Reboot Festival 2022

Week Three

Barons Court Theatre until 3rd December

Review by Claire Alexander

Watching six plays in one evening is a little like getting a taster menu at a restaurant.  You know which dishes you would like more of, which are perfectly portioned and which perhaps you would not have chosen.  Happily, all of the plays I saw at the Baron’s Court theatre last night fell into the former two categories and I found myself wondering which of the short snapshots I saw, I would like to see in a longer version.

It’s quite a challenge in an evening – six plays – and I applaud the Baron’s Court Theatre for this concept and making it work so successfully.  This is the third and final week of the Reboot Festival and will have given eighteen new and emerging writers an opportunity to showcase their work. The plays were short and snappy, perhaps only fifteen minutes at most, and thus the evening did not fall into the trap of being overlong and kept the audience on their toes! 

Interestingly a couple of themes began to emerge.  In the first half with Antigone (Maria Mayangi) and The Watchers (Jayne Woodhouse) we are taken to a violent contemporary society and a thoroughly plausible dystopian future.

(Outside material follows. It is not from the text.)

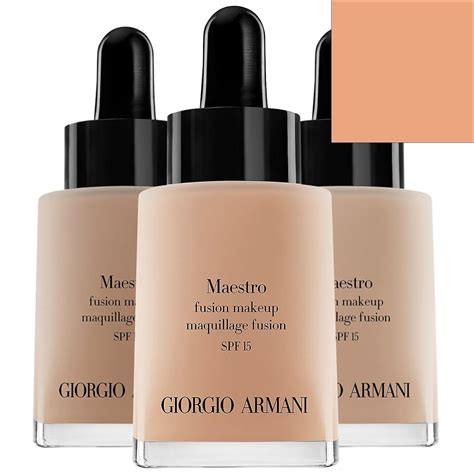 giorgio armani maestro fusion make up foundation spf 15, 5.5, 1 ounce|Giorgio Armani Maestro Fusion Make Up Foundation Spf 15, 5, 1 .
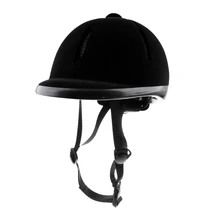 Высокое качество, детский шлем для верховой езды, бархатный шлем для верховой езды, безопасная шапка 48-54 см, профессиональный шлем для верховой езды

Antigone cleverly and intelligently brings the Greek tragedy of Antigone firmly into the present.  In the original Sophocles’, Antigone fights to get a proper burial for her brother (Polynices) against the wishes of King Creon, ultimately at the expense of her own life.  In this version the Antigone of the title is fighting for justice for her brother who has been killed in a protest, probably by the established power.  This is a really well constructed play and I found it compelling in the way it built, performed with energy, attack and feeling by Yolanda Ovide, Lara Grace Ilori and Mutulu Wolley.   Writer Marie Mayangi absolutely hits the spot here with her direct and honest dialogue.  As Antigone says towards the end ‘how do I fight for you, if I let go of that rage’.   

Reference to the ‘Women Life Freedom’ mantra at the end of the third play in the evening, The Watchers by Jayne Woodhouse, places it very firmly in contemporary Iran and the protests for women’s rights there, but it could potentially be anywhere in the world and is a chilling reminder of how passive protest can very quickly turn very dangerous in the hands of authoritarian regimes. This was a thought provoking and unsettling piece of writing, succinctly and subtly making its point; with focussed direction from Sharon Willems, and clearly and honestly performed by Sojourner Hazlewood Connell, Martha Crow and Ceri Gifford.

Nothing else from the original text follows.